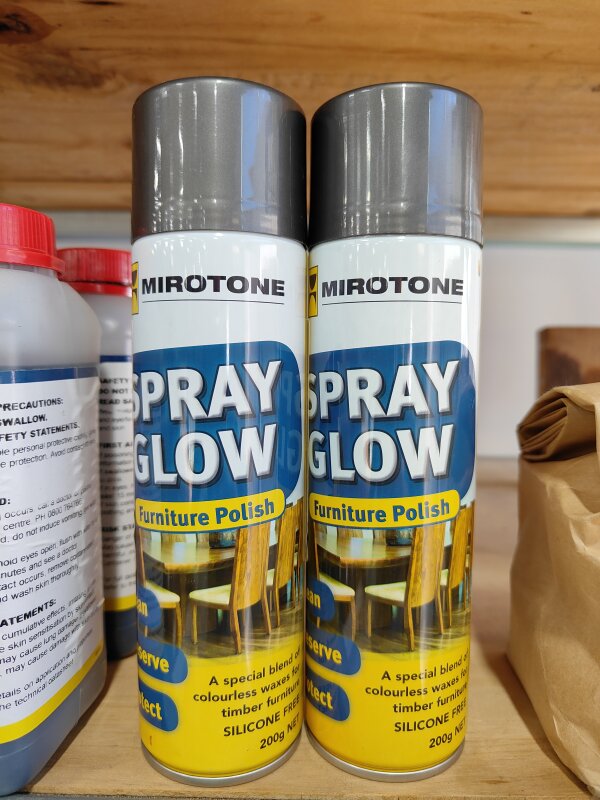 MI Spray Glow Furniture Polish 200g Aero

...

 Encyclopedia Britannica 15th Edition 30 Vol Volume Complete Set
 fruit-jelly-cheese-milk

• Your assignment: Each line above from the one with "Encyclopedia Britannica 15th" up to and including the one with "fruit-jelly-cheese-milk" must be set down exactly, and no line outside that span may appear.

• Answer for the task:
 Encyclopedia Britannica 15th Edition 30 Vol Volume Complete Set
 fruit-jelly-cheese-milk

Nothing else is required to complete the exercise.